# günstige Quelle für "Mein Futter" v. Sensas?



## kati48268 (28. Mai 2010)

Hi.

Ich bin ein Fan von der Kremkus-Futtermischung "mein Futter", vertrieben durch Sensas. Das riecht einfach richtig geil und ich fange damit auch gut. 
Allerdings ist der Apothekenpreis von 4€und für einen 900gr.-Beutel im Versandhandel so was von daneben #d, die spinnen, die Röm.. äh Sensasianer!
Ich möchte doch einfach nur Fische fangen, keine Hypothek aufs Haus aufnehmen.

Kennt jemand eine günstige Bezugsquelle? 
Von mir aus auch Sackware.


----------



## Barsch-Guru (28. Mai 2010)

*AW: günstige Quelle für "Mein Futter" v.
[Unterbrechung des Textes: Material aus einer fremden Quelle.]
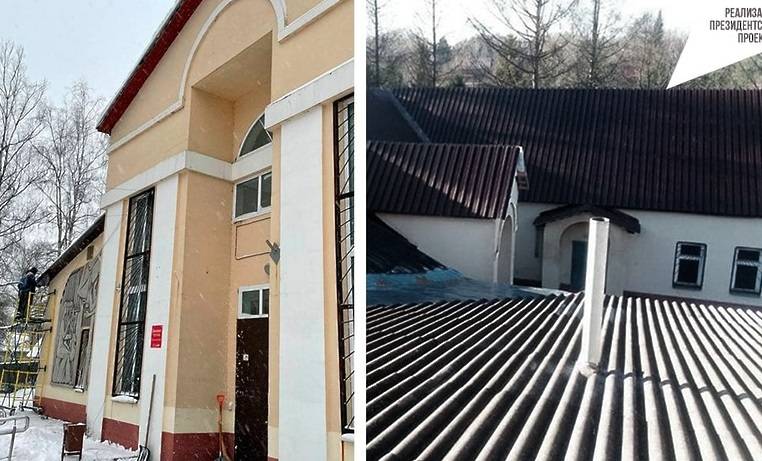 Шесть миллионов вложили в ремонт крыши Деньковского ДК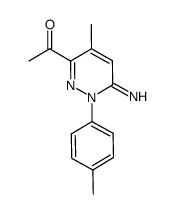 1-(6-imino-4-methyl-1-(4-methylphenyl)-1,6-dihydropyridazin-3-yl)ethanone结构式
Sensas?*

Nimmst du an Wettkämpfen teil?


----------



## kati48268 (28. Mai 2010)

*AW: günstige Quelle für "Mein Futter" v. Sensas?*

Nee, finde nur, dass es ein wirklich gutes Grundfutter ist, für Karpfen, Brassen, Schleie... 
Wenn man so'n 25kg Sack gut verschließt oder in eine geeignete Tonne umpackt, bleibt das auch mind. ein Jahr ok. Ist halt einfach nur unverschämt schweineteuer, für 4,80T€uronen nicht mal 1kg, geht gar nicht! :v


----------



## Patzi87 (28. Mai 2010)

*AW: günstige Quelle für "Mein Futter" v. Sensas?*

ich fühle mit, mein futter kostet auch das kilo 4,55 euronen
schwarzer sachse super futter#6 allerding halt apothekenpreise|gr:


----------



## Professor Tinca (28. Mai 2010)

*AW: günstige Quelle für "Mein Futter" v. Sensas?*

@ Kati

Schreib doch den Laden mal an, evtl. haben die mehr davon(für 3,50 recht günstig):

http://cgi.ebay.de/Sensas-1kg-W.R.-...vr_id=&cguid=de92b0221280a0aad4465126ff7b0b92


#h#h#h


----------



## Barsch-Guru (28. Mai 2010)

*AW: günstige Quelle für "Mein Futter" v. Sensas?*

In 3...2...1... kriegst du es für 3,50 €, allerdings 14,90 € für´n Versand, lohnt sich also erst bei richtigen Mengen.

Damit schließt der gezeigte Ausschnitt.